§ **PROBLEM**
Exactly retype the lines from the top of the data through the line containing "We have already written", leaving out every picture.

=== Section Start ===

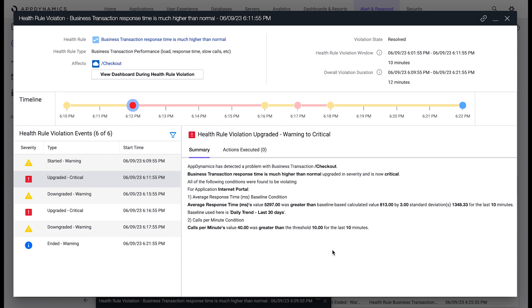AppDynamics can quickly identify the root cause of a performance-impacting transaction and narrow down the problem to a method or line of code using the built-in machine learning capabilities.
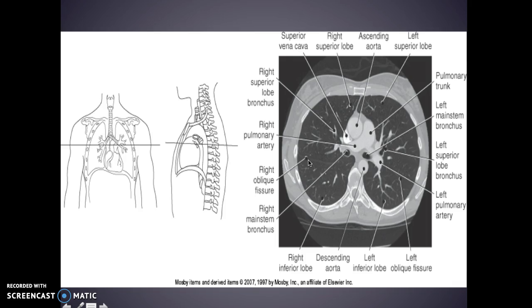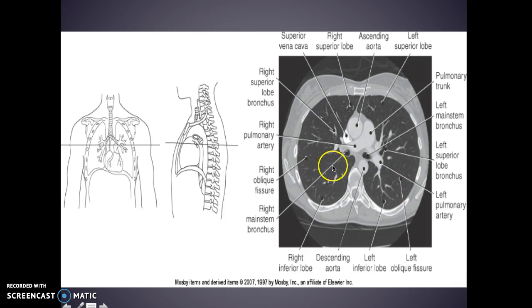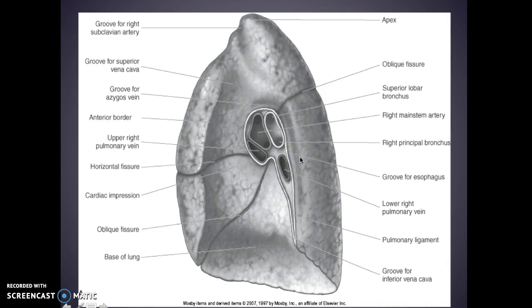Looking at an axial CT, we have your ascending aorta, your left pulmonary trunk with your right pulmonary artery, this is your left pulmonary artery coming here, this is your left main stem bronchus, right main stem bronchus, and your descending aorta. You can see the right oblique fissure here — kind of the lay of the land of the lungs.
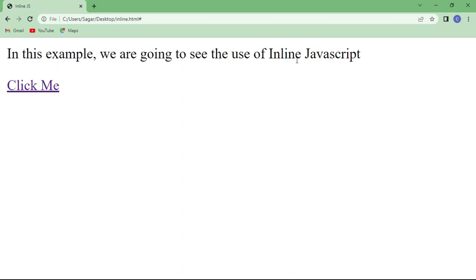When our project is very simple and basic, and we have very few files to work with, then we use inline JavaScript. But if we have multiple files to work with, then we prefer external JavaScript. In this way we learned about what inline JavaScript is and saw an example program. I hope you understood it very well. If you have any doubt or query regarding this topic, let me know in the comment section and I will try to answer all your questions. Thanks for watching.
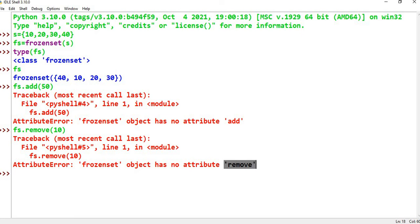In situations where you need unique values and the content must remain unchanged — for example, a list of available tokens that may have duplicates but no one is allowed to change them — in that case we can use Frozenset. Except for immutability, there is no other difference between Set and Frozenset.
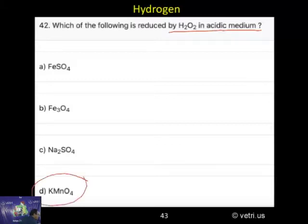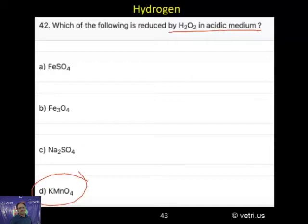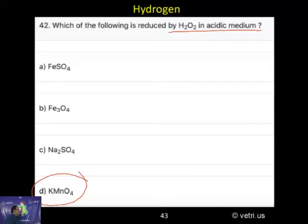We have already written the equation — please note that one. 2 MnO4 minus plus 6 H plus plus 5 H2O2 gives 2 Mn2 plus plus 8 H2O plus 5 O2. I have written already. So, the correct answer is D, potassium permanganate.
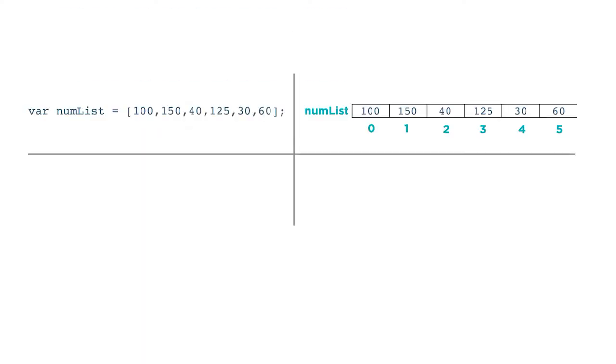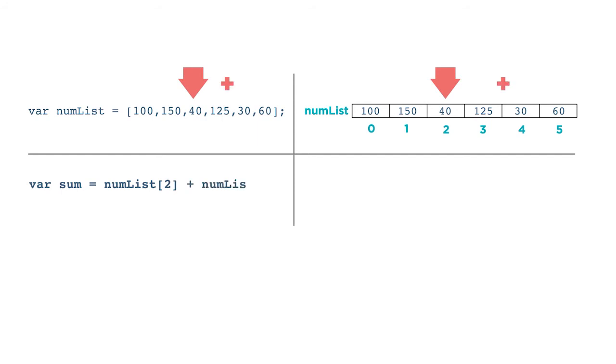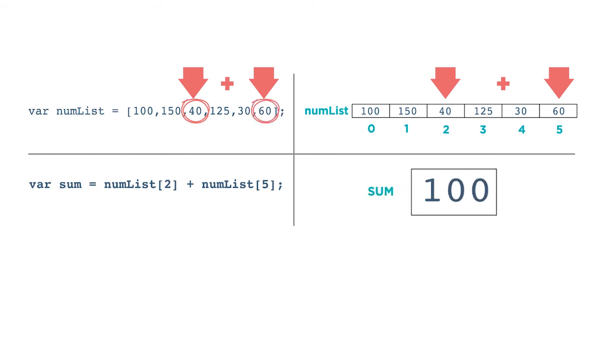For example, if you have a list of numbers called numList, you can create an expression like this: var sum gets numList at index two plus numList at index five. The value stored in index two is 40, and the value stored at index five is 60, so the variable sum is assigned the value 100.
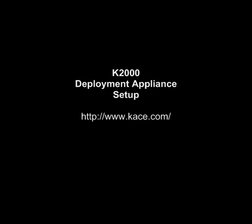This concludes this demonstration of the K2000 deployment appliance setup process. For additional information, please visit the Dell KACE homepage at www.kace.com. Thank you for watching.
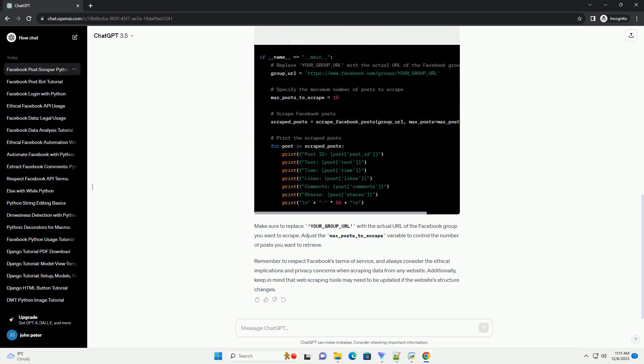Adjust the max_posts_to_scrape variable to control the number of posts you want to retrieve. Remember to respect Facebook's Terms of Service and always consider the ethical implications and privacy concerns when scraping data from any website.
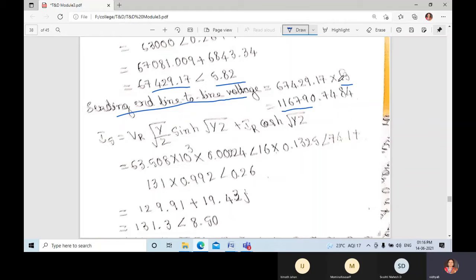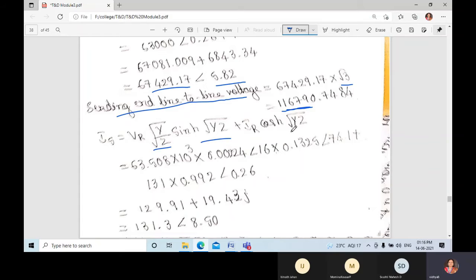The sending end line-to-line voltage is approximately 116,790.748 V, or about 1 lakh 16 thousand 790.748 volts. For Is, using Is = Vr·√(Y/Z)·sinh(√YZ) + Ir·cosh(√YZ), substituting all known values gives Is = 131.3∠8.50°.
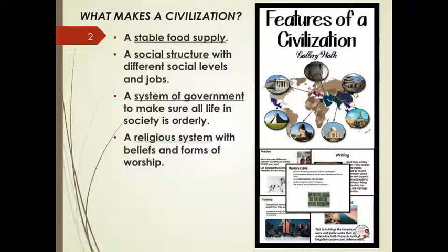In most cases, you'll have a religious system or a belief system, which serves as the foundation upon which everything else is built. If everyone can rally around common beliefs, it leads to a society that is much more — here's a fancy word for you — cohesive.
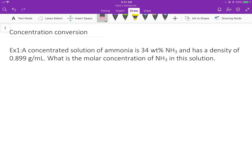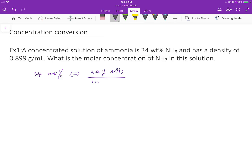In this problem, it's asking to convert weight percent to molar concentration, which is molarity. 34 weight percent means there is 34 grams of substance, which is ammonia, over 100 grams of solution.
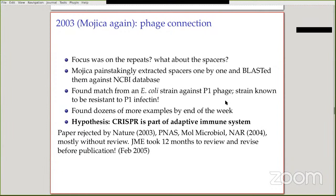He submitted it to Nature — it was rejected. He submitted to PNAS, Molecular Microbiology, NAR — all rejected without review, with editors saying it was not very interesting. He finally sent it to Journal of Molecular Evolution, who took 12 months to review and revise before he finally published in February 2005. This is again a story where the big journals really didn't understand the importance of this work.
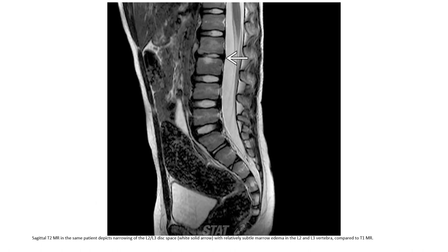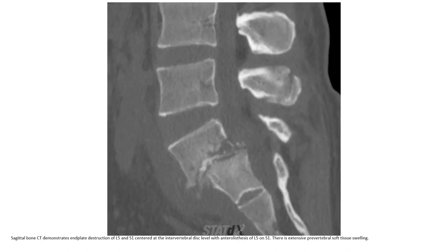On T2 imaging, the L3 disc space shows relatively subtle marrow edema in L2-L3 compared to T1. Another case demonstrates end plate destruction at L4-S1 centered at the intervertebral disc level with involvement of L5 and S1. Extensive vertebral surface involvement is noted.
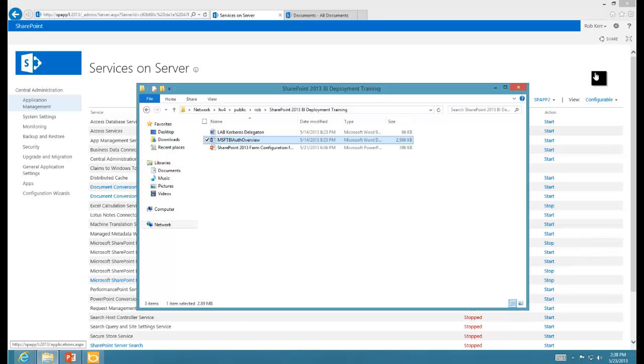In the previous lesson, we configured the claims to Windows token service so that it could create forwardable Kerberos tickets that would be used by various services that delegated credentials like Performance Point and Excel services.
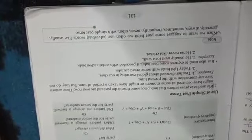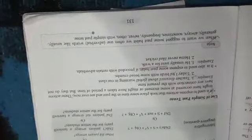I never liked cricket. When we want to suggest some past habit, we often use adverbial words like usually, generally, underline these students, always, sometimes, frequently, never, often with simple past tense. These words we use to show past habits.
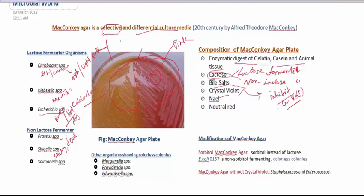So I think we have already understood why MacConkey agar plate is called both selective and differential. I hope you understand, and if you have any other questions, you can ask in the comment section and I'll try to explain.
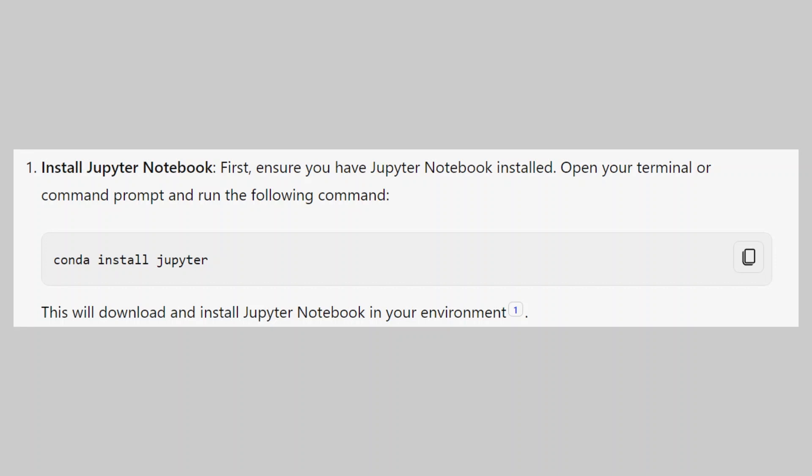First ensure you have Jupyter Notebook installed. Open your terminal or command prompt and run the following command. This will download and install Jupyter Notebook in your environment.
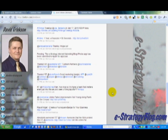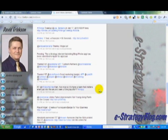Hey folks, this is David Erickson with the eStrategy Internet Marketing Blog at e-strategyblog.com. Today I want to talk to you about Facebook's new feature that is essentially a retweet feature. In Twitter, as you know, they have a function called retweet. You'll see that with this RT tweet — I've retweeted somebody else's message and sent it along to my network.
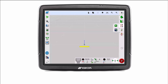When the X console is operating on Horizon version 5 software, you can import third-party or version 4 boundary shape files from USB. The vehicle must be in or near the field for boundaries and related information to appear on the screen.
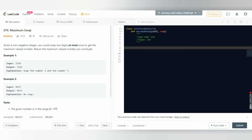Welcome back. In this video I'll be solving LeetCode problem 670: Maximum Swap. Given a non-negative integer, you can swap two digits at most once to get the maximum valued number and return it. For example, if you interchange 2 and 7 you get 7236, the biggest number. In the case of 9973, there's no swap that gives a bigger number, so you output the same number.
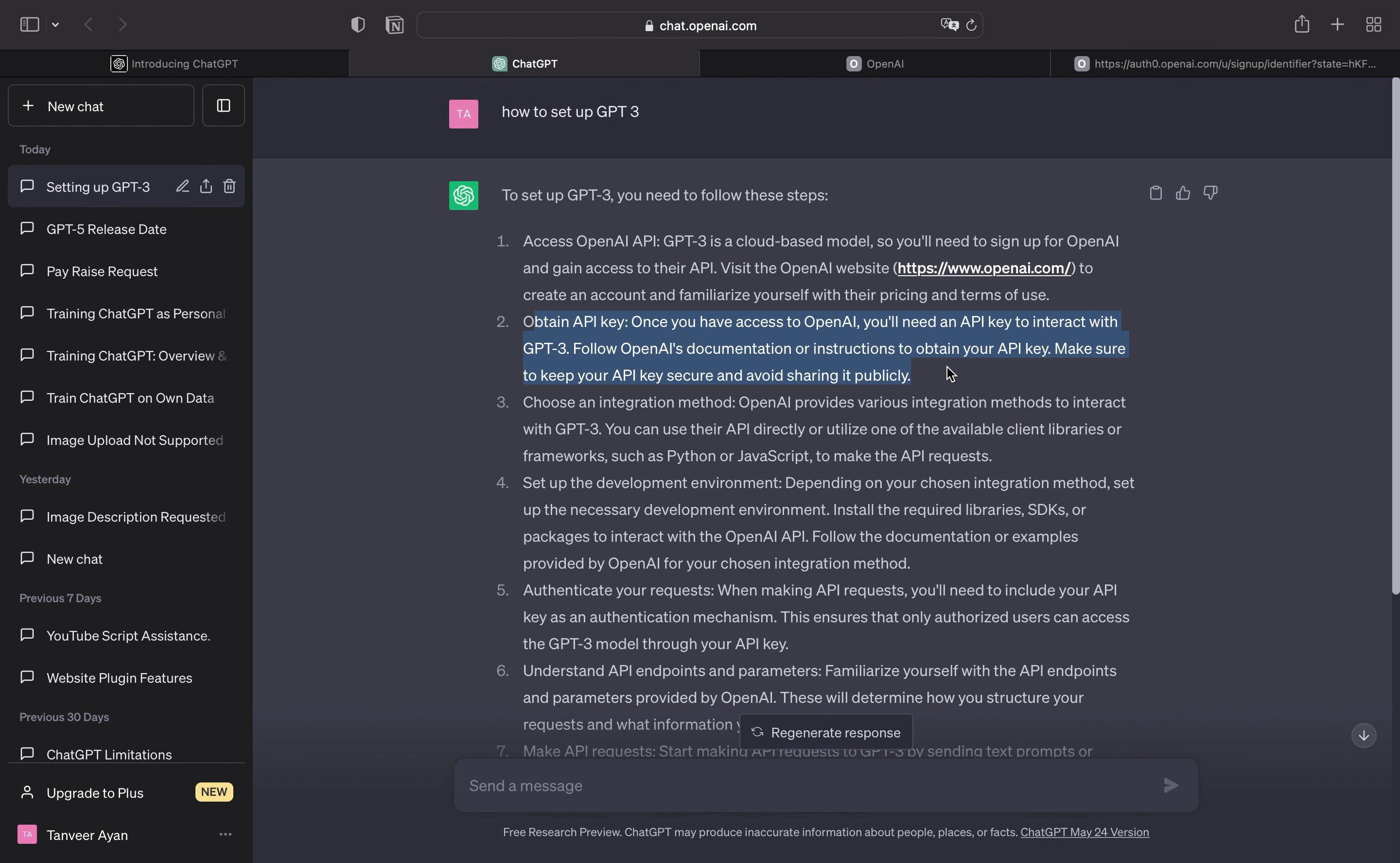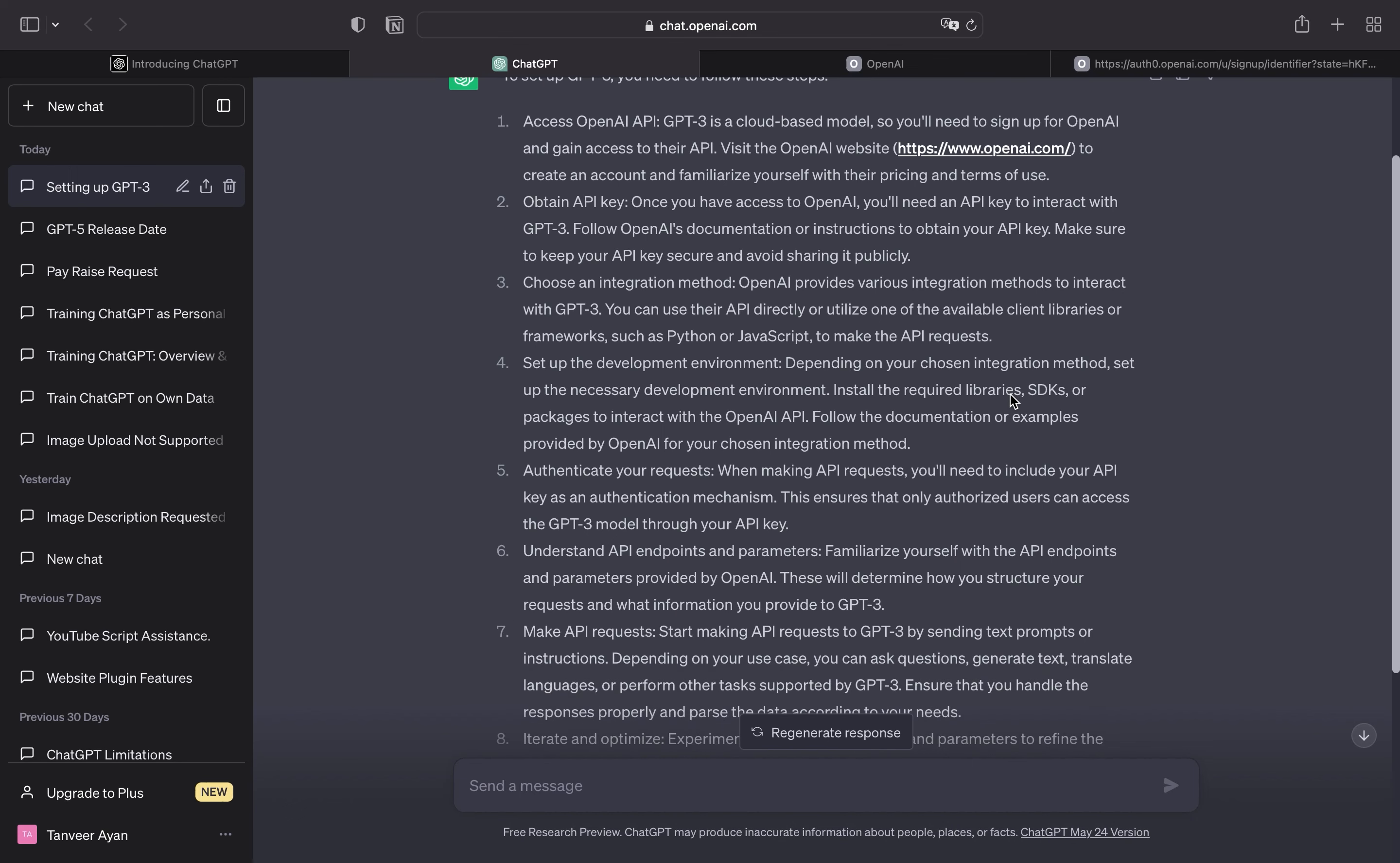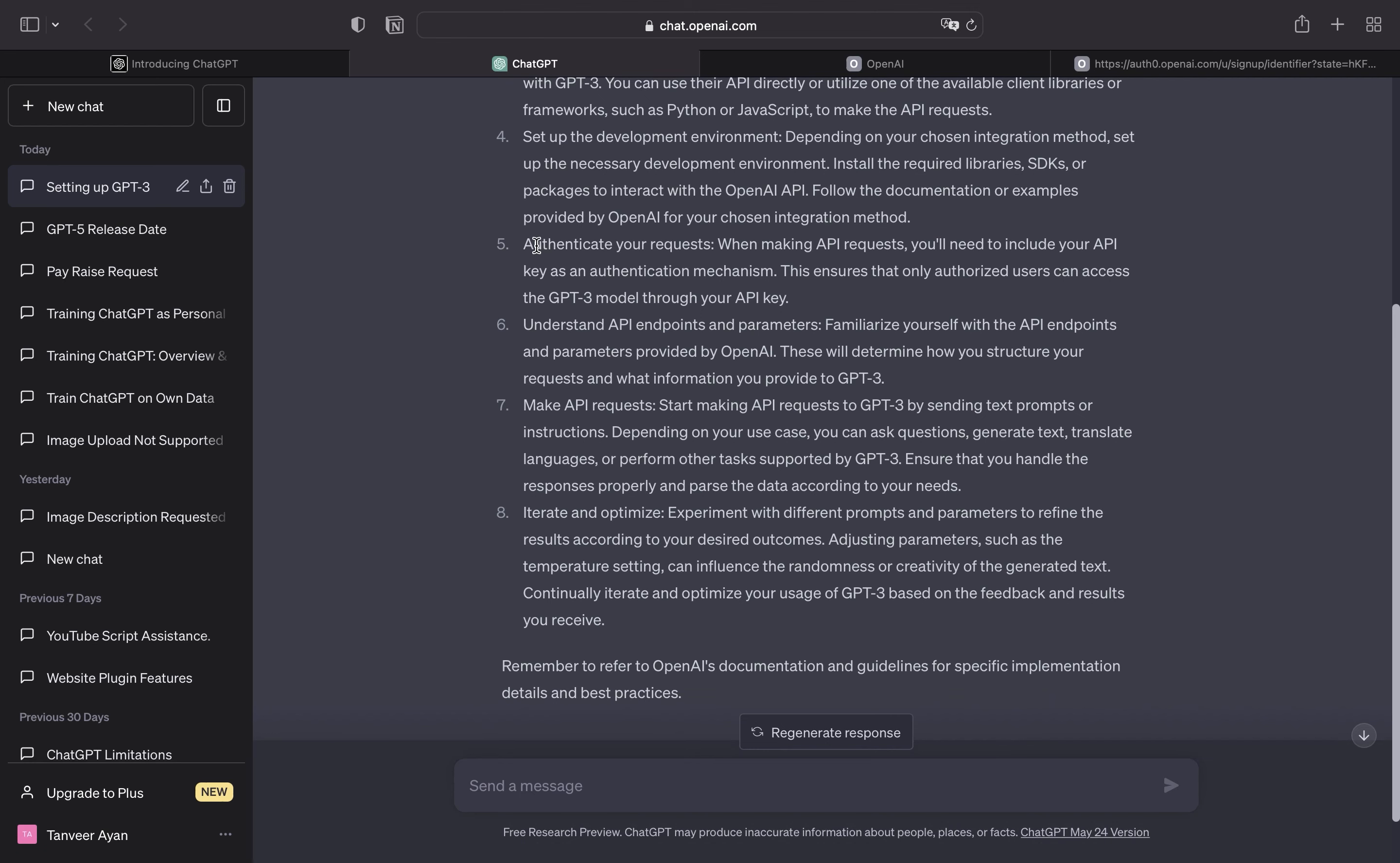First, obtain API key. Then choose an integration method, set up the development environment, authenticate your request, understand API endpoints and parameters, make API request, iterate and optimize.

=== Section End ===

§ **SOLUTION TO THIS TASK**
AppDynamics can quickly identify the root cause of a performance-impacting transaction and narrow down the problem to a method or line of code using the built-in machine learning capabilities.
Looking at an axial CT, we have your ascending aorta, your left pulmonary trunk with your right pulmonary artery, this is your left pulmonary artery coming here, this is your left main stem bronchus, right main stem bronchus, and your descending aorta. You can see the right oblique fissure here — kind of the lay of the land of the lungs.
When our project is very simple and basic, and we have very few files to work with, then we use inline JavaScript. But if we have multiple files to work with, then we prefer external JavaScript. In this way we learned about what inline JavaScript is and saw an example program. I hope you understood it very well. If you have any doubt or query regarding this topic, let me know in the comment section and I will try to answer all your questions. Thanks for watching.
In situations where you need unique values and the content must remain unchanged — for example, a list of available tokens that may have duplicates but no one is allowed to change them — in that case we can use Frozenset. Except for immutability, there is no other difference between Set and Frozenset.
We have already written the equation — please note that one. 2 MnO4 minus plus 6 H plus plus 5 H2O2 gives 2 Mn2 plus plus 8 H2O plus 5 O2. I have written already. So, the correct answer is D, potassium permanganate.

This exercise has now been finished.